Internally, Durand’s primary goal was to “acquaint the Amir” about the Russian threat through a weakened Afghanistan, then a “gateway” to British India, the “crown-jewel”. The Amir received a subsidy of Rs12 lakh from the British government. The Russians, on the other hand, aimed to elicit British pressure on Amir to retreat from territories (in Badakhshan) that bordered Czarist Russia.

The Amir, on the other hand — fearful of territorial loss to British India — desired to “have a wall around his country”. However, during negotiations, he lost almost all territorial claims to the Commission except Kafiristan; given to Afghanistan being “miserably poor”, strategically difficult in location and governance. Amir accepted, as he intended to convert Kafirs for domestic political gains. The Amir was also made to hold Wakhan Corridor in return for Rs6 lakh, additional to his subsidy.

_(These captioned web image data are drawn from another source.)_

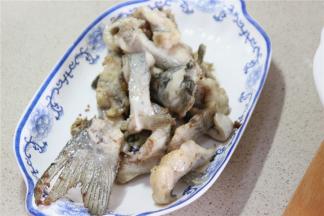 钳鱼开大火油炸30秒，捞鱼装盘备用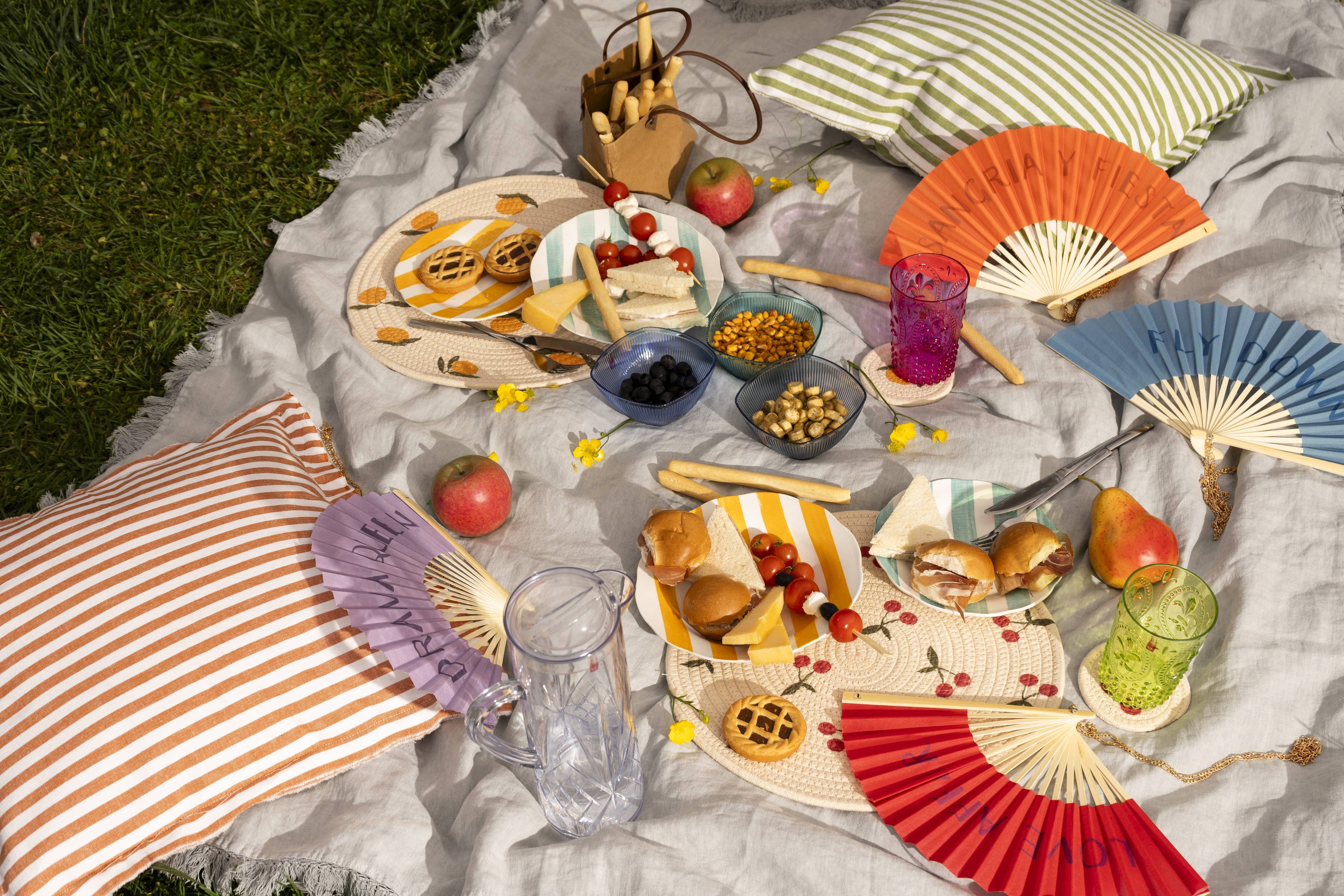 ABANICO CALL ME CHERRY / CORDÓN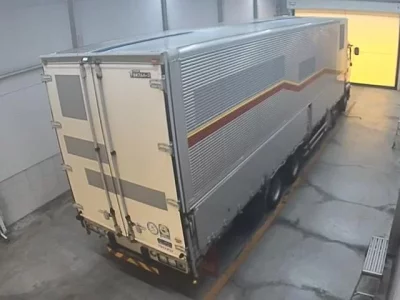 Isuzu TRUCK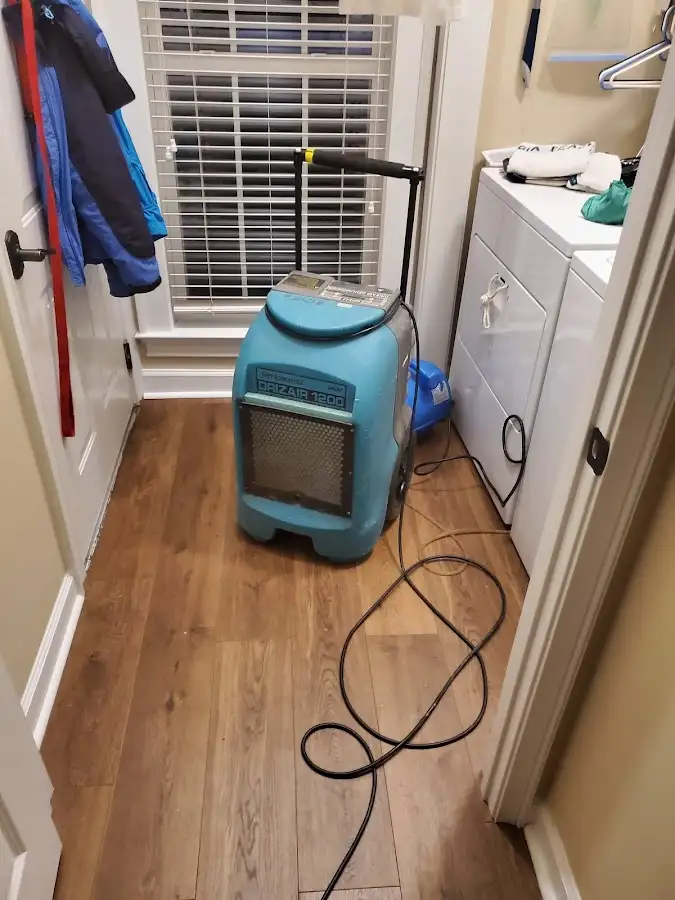 Commercial dehumidifier deployed for Crawl Space Restoration in Pooler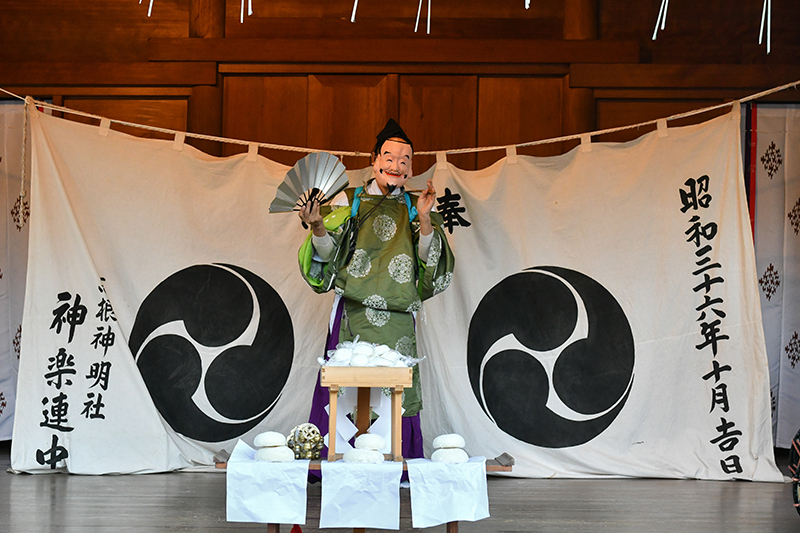 高根神明社の神楽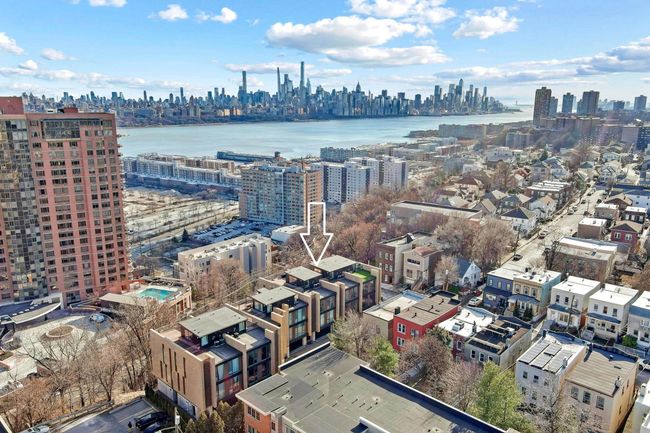 5-05 - 5-05 Washington Ave, Townhouse with 3 bedrooms, 3 bathrooms and null parking in Carlstadt NJ | Image 5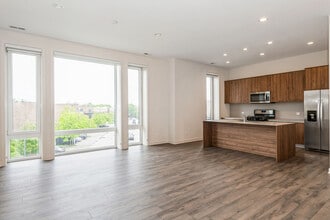 North Oak Lofts in Chicago, IL - Building Photo - Building Photo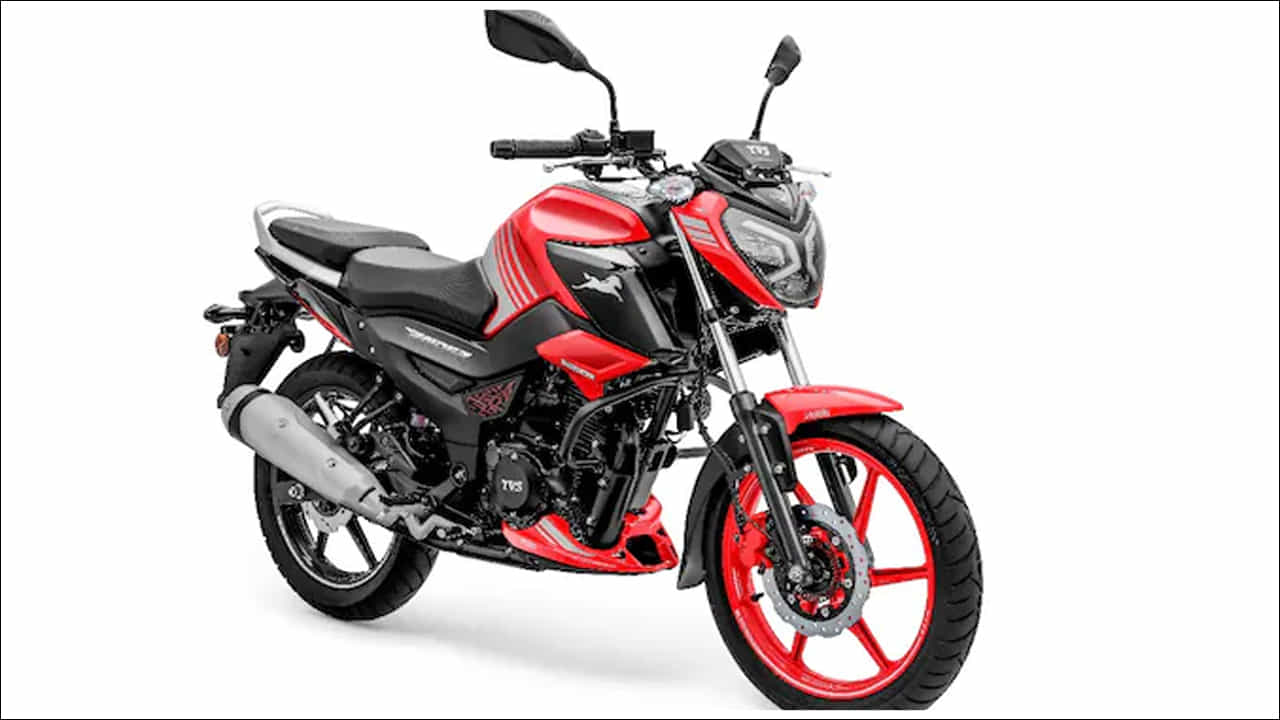 TVS Raider 125: టీవీఎస్ రకరకాల బైక్లను అందుబాటులోకి తీసుకువస్తోంది. అత్యాధునిక ఫీచర్స్ను జోడిస్తూ మార్కెట్లో విడుదల చేస్తుంది. టీవీఎస్ మోటార్ కంపెనీ తన ప్రసిద్ధ 125సీసీ మోటార్ సైకిల్, టీవీఎస్ రైడర్ తాజా, అత్యంత అధునాతన వెర్షన్ను ఆవిష్కరించింది. దీనిని ఇప్పుడు "ది వికెడ్ ట్రోయికా" అని పిలుస్తారు. విభాగంలోని సరికొత్త ఫీచర్స్తో కొత్త రైడర్. పూర్తిగా కొత్త అవతారంలో శక్తి, సాంకేతికత, భద్రతతో వస్తుంది.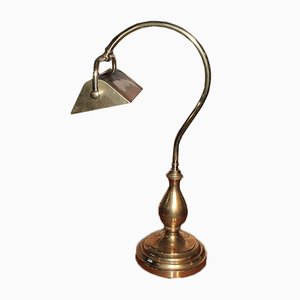 Lámpara de mesa antigua de latón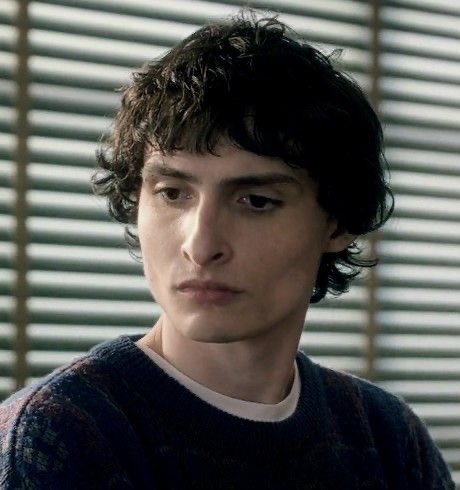 they are so sun and moon, warm and cold, yellow and blue, light and dark, day and night, summer and winter, soft and sharp, bright and dim …..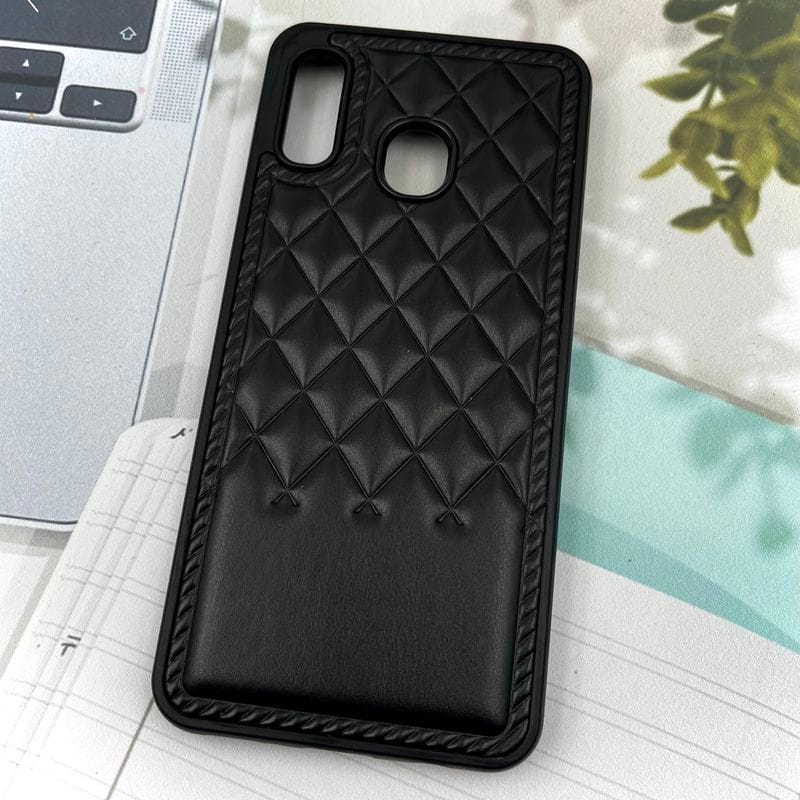 قاب گوشی Galaxy A20 / Galaxy A30 سامسونگ Premium Case چرم پافر لوزی بالشتی لوکس مشکی کد 12571 - Image 2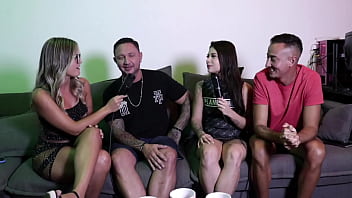 Preview 4 of Pussy Humping Toonn - Era monog&acirc_mica,  teve contatos no swing,  gosta do atendimento,  e a cena que n&atilde_o gostou... - Bruno Abate e Jenni Faria (WATCH ON: SHEER/RED)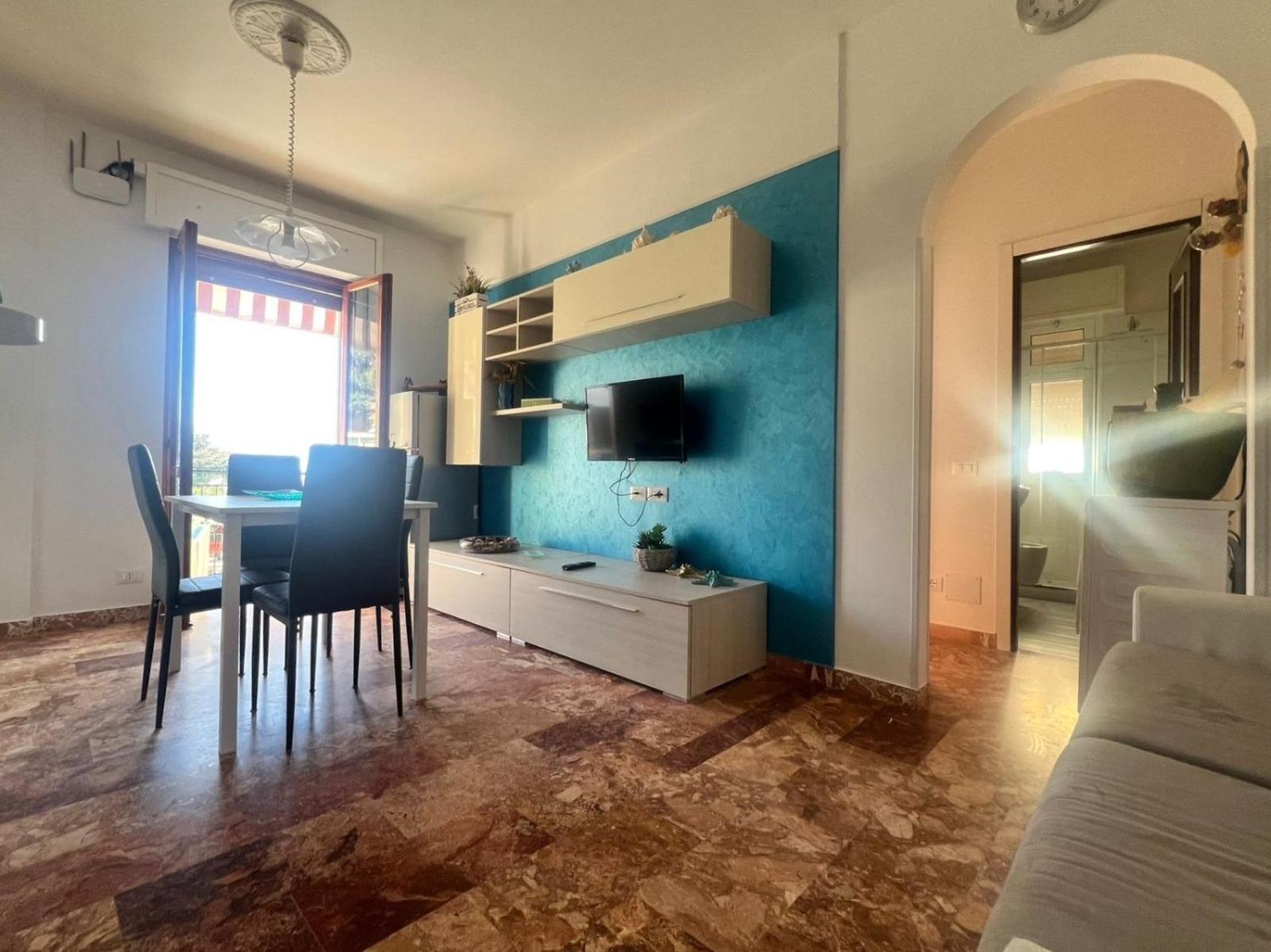 Apartment Aurora & Nicole Ideal Per Biker Con Terazza Vista Mare Parcheggio E Wi-Fi Gratuiti Pietra Ligure Ngoại thất bức ảnh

Without going into details; the wily British were able to enact a most favourable agreement for British India, to create an ‘Afghan buffer’ that avoided direct border and conflict with a stronger Russia. But the fact remains that the Amir signed the Agreement of his free will on 12 November 1893 and ratified it the very next day in a public Durbar of some 400 Afghan nobles and notables.

Physical demarcation of the Line drawn on a questionable map started in February 1894 by three joint Afghan-British parties. Demarcation was widely resisted in Waziristan and elsewhere, as both sides had no ‘geographer’ available during negotiations to assess the Boundary’s demographic and ethnolinguistic accuracy and implications. However, the Afghan desire, if any, to revisit the 128 years’ old status quo is not tenable under international law; as 50 nations during Afghan occupation (2001-2021) treated Durand Line as an international border.

For Pakistan, remaining sensitive to the Afghan predicament and focusing on the larger geo-strategic advantage that the IEA ascent to power brings to Pakistan are important. Larger opportunities should never be squandered by petty, emotive and smaller issues. Local spoilers, as identified, should be effectively neutralised. A joint Pak-Afghan Border Commission should mutually decide any difference of opinion over local demarcation, ‘if inevitable’. There are many who would like to impose a failure on the IEA, sow instability, suck Pakistan in and continue fishing in the troubled waters. IEA also needs to beware, assert itself and restrain its unwitting rank and file.

Pakistan should stay the course affably with Afghanistan, even if the fence has ‘seemingly’ lost its significance and purpose in an emerging and altered geo-strategic construct. Tajik-dominated ANSF is dissolved, Pashtun-dominated IEA is a reality. Debate to continue.

Published in The Express Tribune, January 6th, 2022.